# INSTRUCTIONS TO FOLLOW:
Only the lines from the start of the entries through the line with "Magenta Floral Print" should be returned, each exactly as it stands, and no pictures.

# INPUT DATA:
○ ○ ○ ○ ○
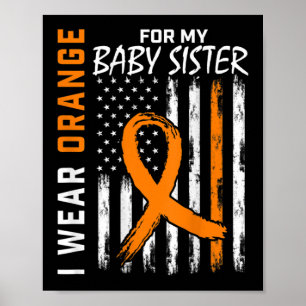 Poster Drapeau de sensibilisation à la leucémie Orange Ri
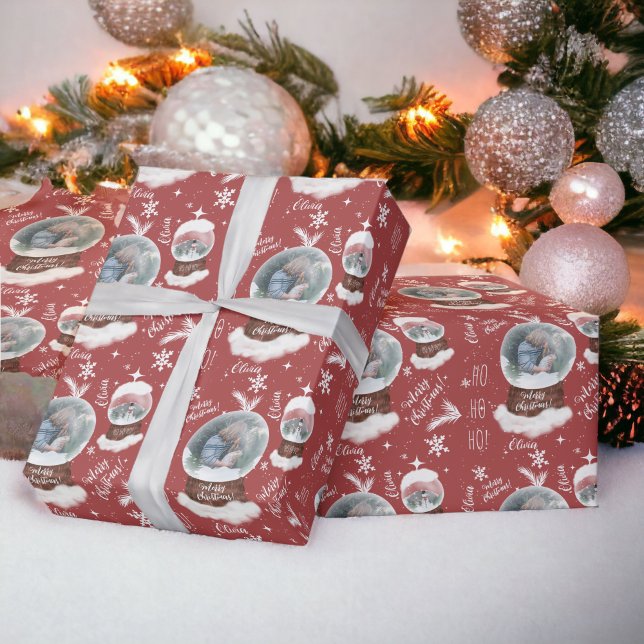 Papel De Presente Diversão alegre da ilustração de Natal do snowglob (Fun merry Christmas illustration photo snowglobe Wrapping Paper red)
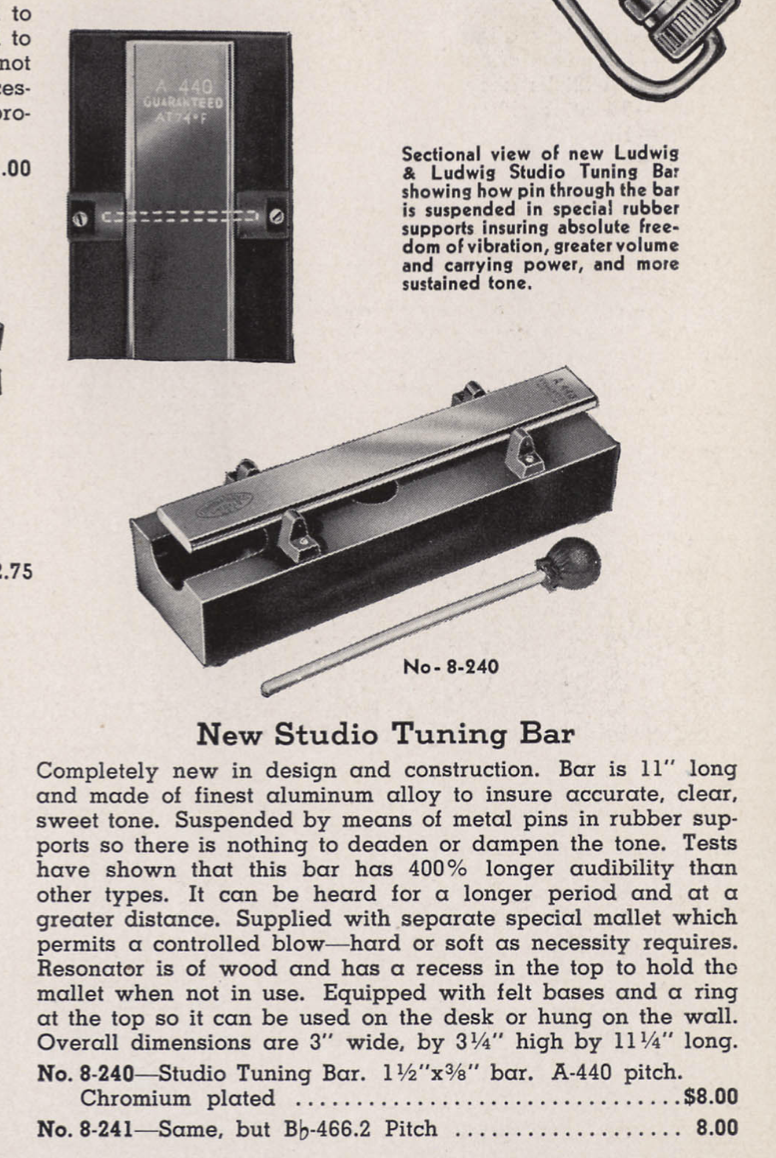 1940s Ludwig & Ludwig Bb 466.2 Hz Studio Tuning Bar No. 8-241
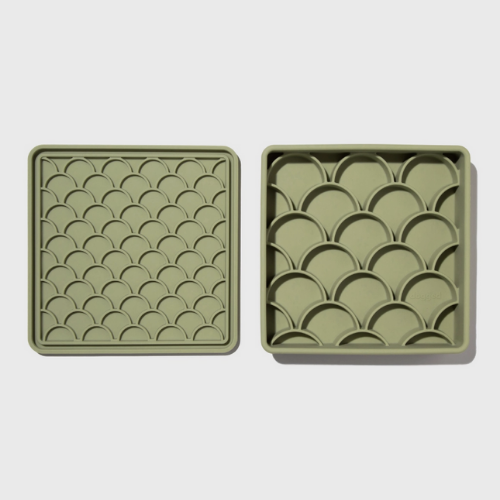 3-in-1 Fish Scale Slow Feeder Bowl | Olive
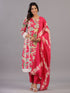 Magenta Floral Print Beads and Lace Work Kurti Set
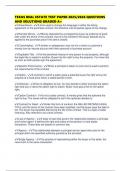 TEXAS REAL ESTATE TEST PAPER 2025&sol;2026 QUESTIONS AND SOLUTIONS GRADED A&plus;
○ ○ ○ ○ ○
# OUTPUT FOR THIS TASK:
 Poster Drapeau de sensibilisation à la leucémie Orange Ri
 Papel De Presente Diversão alegre da ilustração de Natal do snowglob (Fun merry Christmas illustration photo snowglobe Wrapping Paper red)
 1940s Ludwig & Ludwig Bb 466.2 Hz Studio Tuning Bar No. 8-241
 3-in-1 Fish Scale Slow Feeder Bowl | Olive
 Magenta Floral Print Beads and Lace Work Kurti Set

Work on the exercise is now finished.